**EXERCISE GOAL**:
Please repeat word for word the line containing "Ooooooli chaturbate 18-May-2025" and every following line up to and including the last one below, pictures excluded.

**WORKING DATA**:
Start of Block

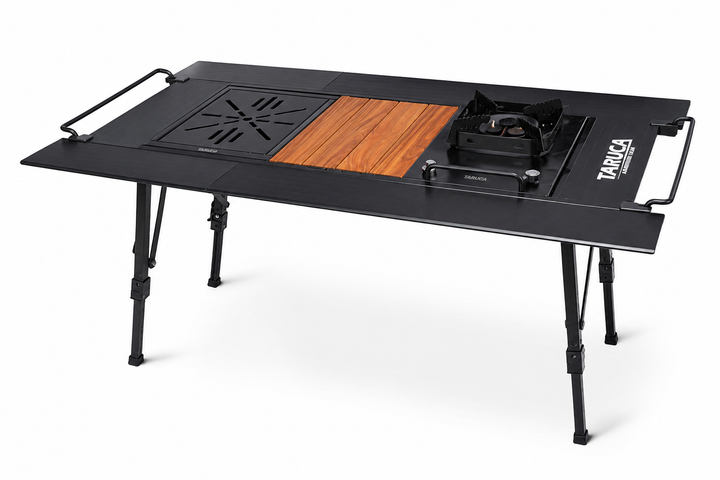 CampStation Table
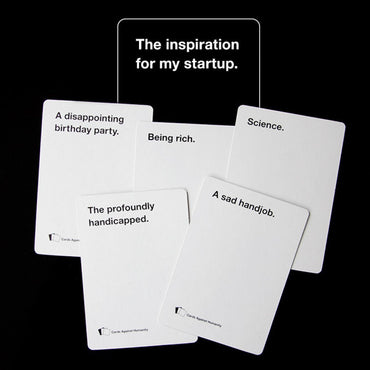 Cards Against Humanity: International version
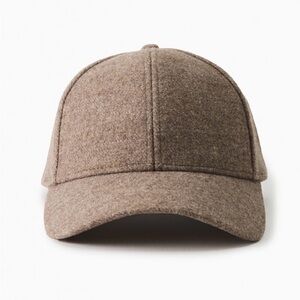 aritiza Stylish Tan Baseball Cap
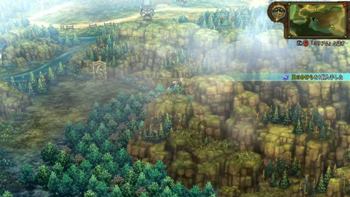 Unicorn Overlord - Divine Shard Location 13 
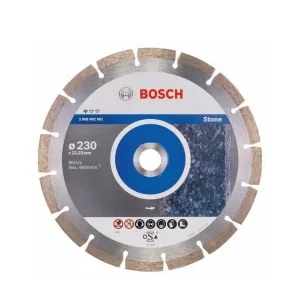 Алмазний диск Bosch Professional for Stone 230х22,2мм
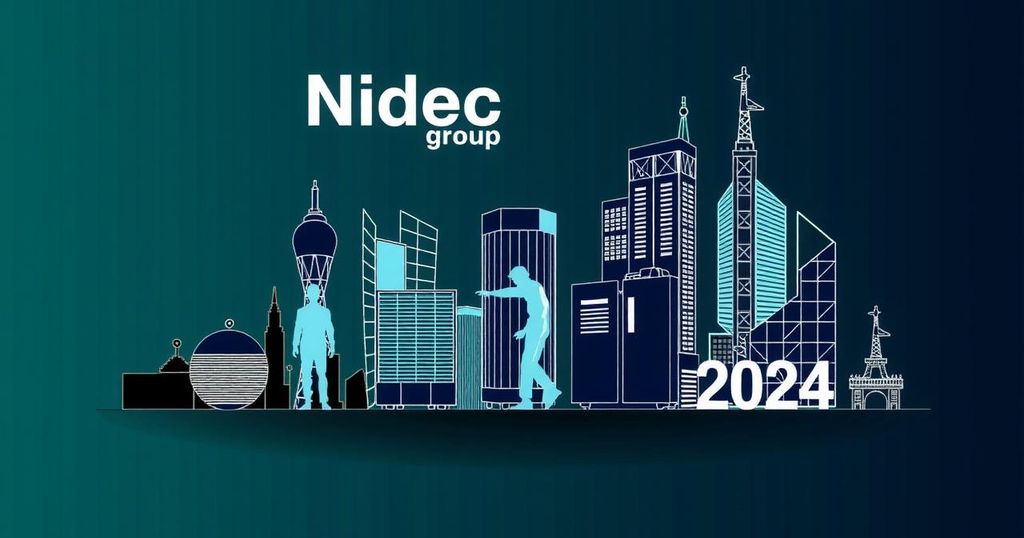 Nidec Group to Showcase Machine Tool Innovations at IMTS 2024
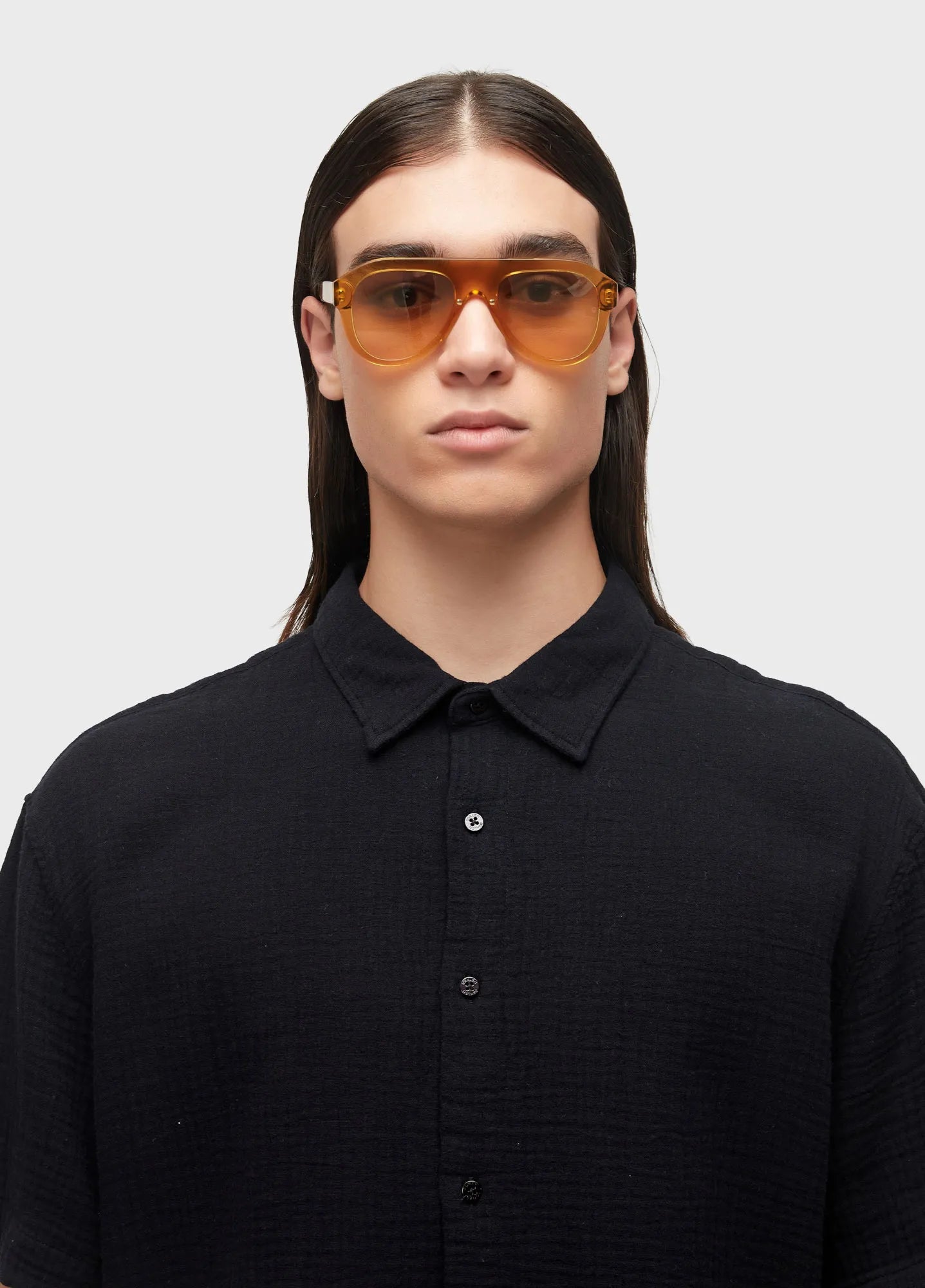 CAMISA OSKLEN MASCULINA COTTON WAVY MC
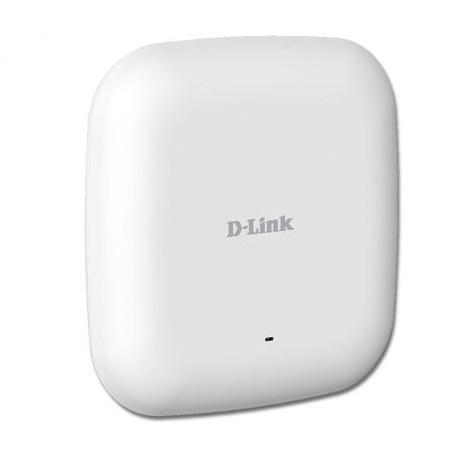 Punto de Acceso Inalámbrico D-Link DAP-2610 1300Mbps- 2-4GHz 5GHz- Antenas de 3dBi- WiFi 802-11ac-n-b-g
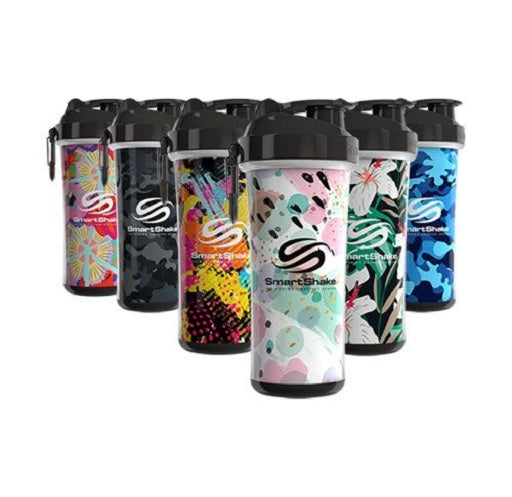 SmartShake DW 750ml Splash / Athleisure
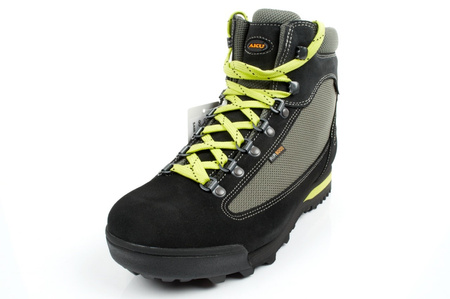 Pantofi de trekking Aku Slope Original GTX [885.10643], negri.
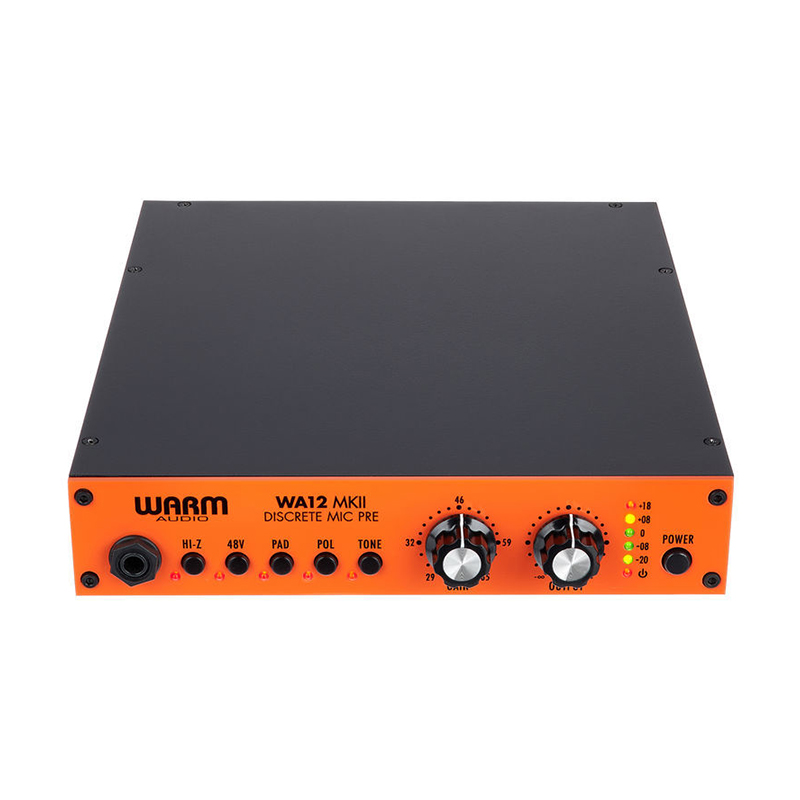 پری آمپ وارم آدیو Warm Audio WA12 MKII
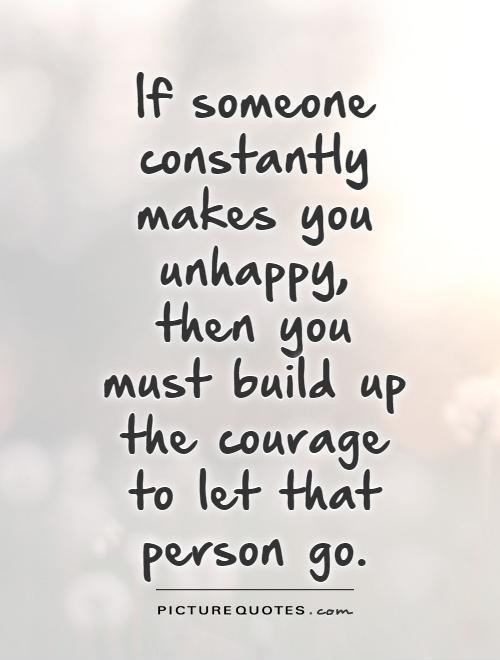 Quotes About Being Unhappy In A Relationship
 Unhappy Relationship Quotes & Sayings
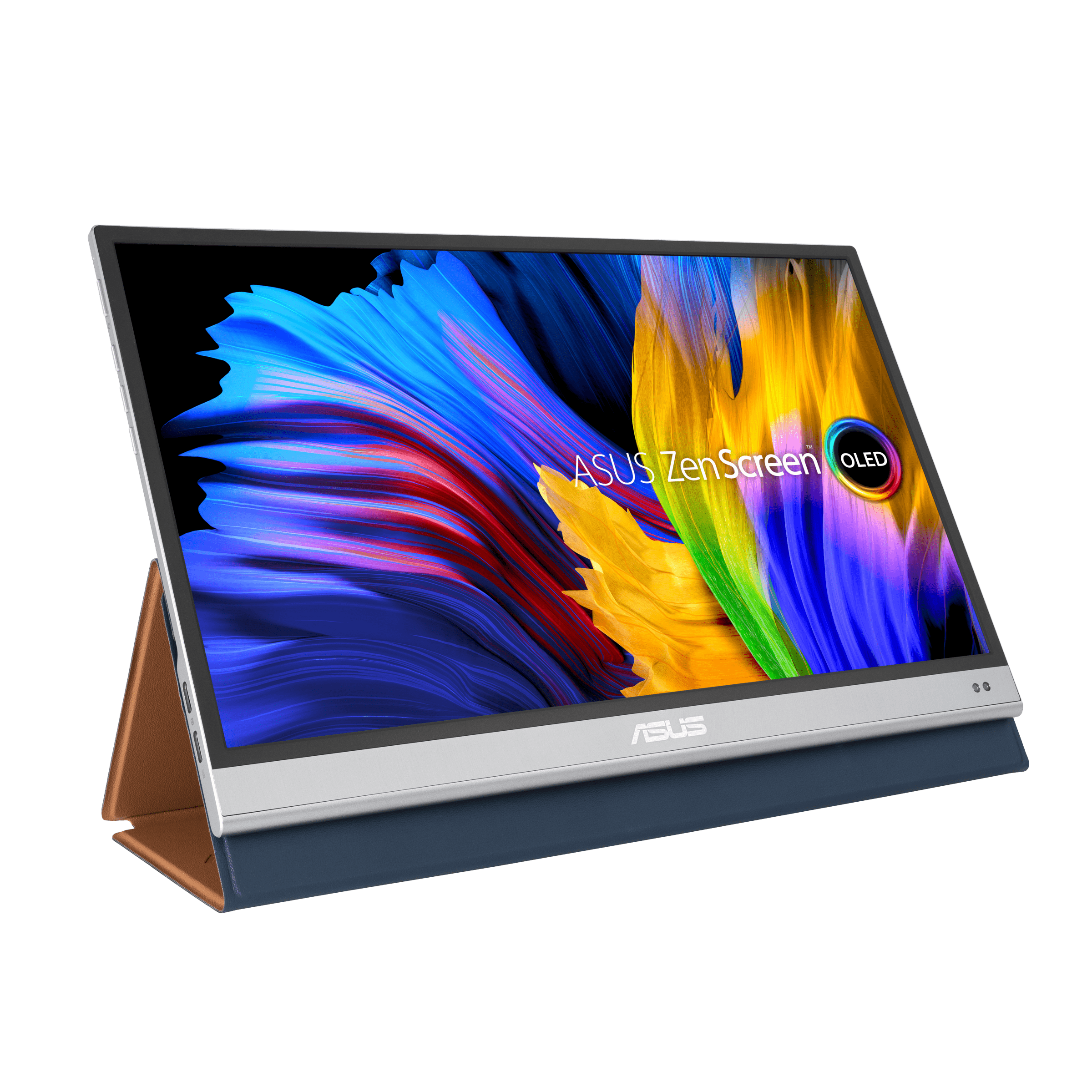 ASUS ZenScreen OLED MQ13AH｜Monitors｜ASUS USA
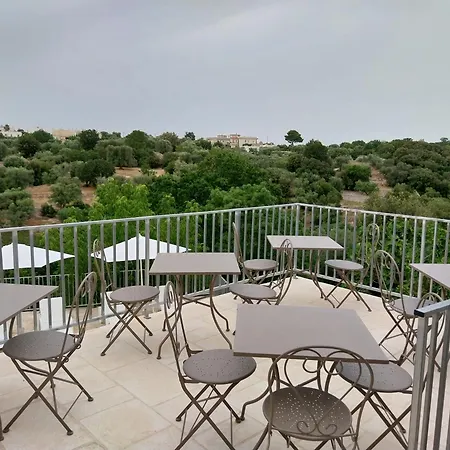 Trulli Nonna Grazia -miramonti Country house Cisternino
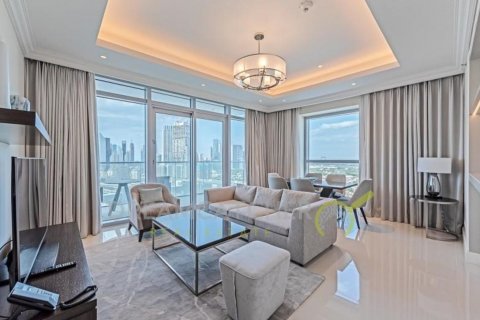 Apartment til leje i Dubai, UAE 2 soveværelser, 134.24 kvm № 75822 - foto 1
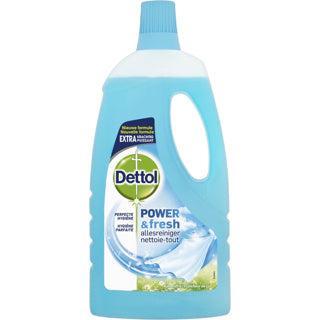 Dettol allesreiniger, katoenfris, fles van 1 l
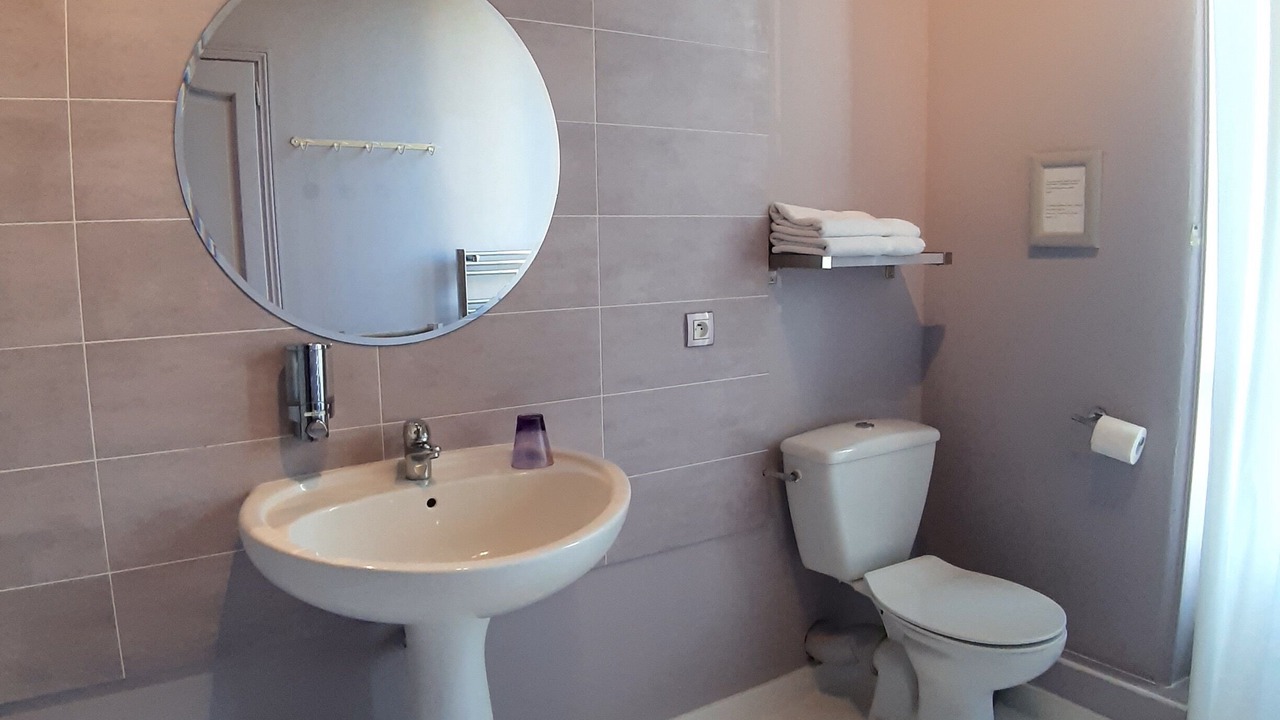 Photo of Bathroom in Montreuil-Bellay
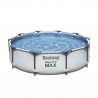 Pool Ovan Mark Rund Bestway Steel Pro Max 366x76cm 56416 Erbjudande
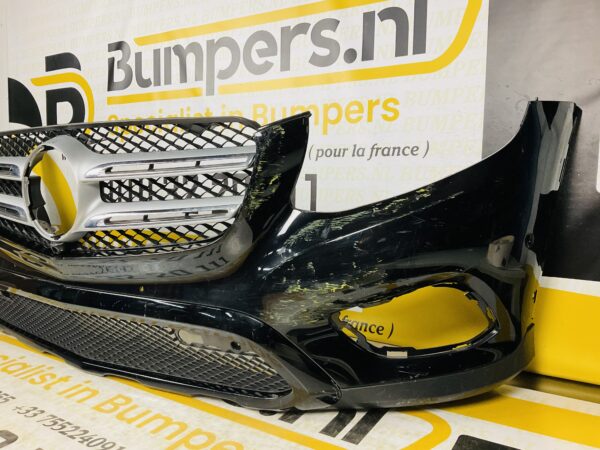 BUMPER MERCEDES GLC KLASSE W253 GLC 2016-2021 A35 VOORBUMPER 1-B4-3851Z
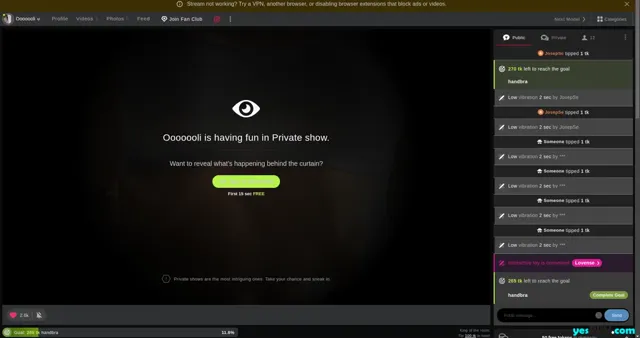 Ooooooli chaturbate 18-May-2025 sat down with her vagina on a toy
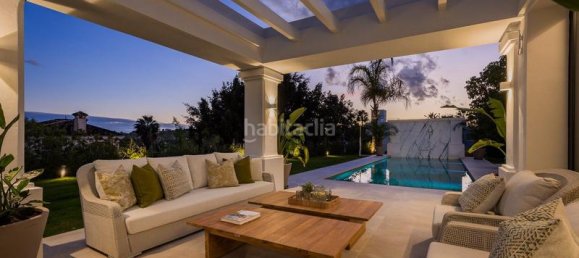 5 غرف نوم فيلا في Marbella, Spain رقم 70556 35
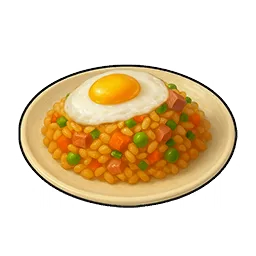 Egg Fried Rice icon in The Seven Deadly Sins: Origin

End of Block

**SOLUTION FOR THIS TASK**:
 Ooooooli chaturbate 18-May-2025 sat down with her vagina on a toy
 5 غرف نوم فيلا في Marbella, Spain رقم 70556 35
 Egg Fried Rice icon in The Seven Deadly Sins: Origin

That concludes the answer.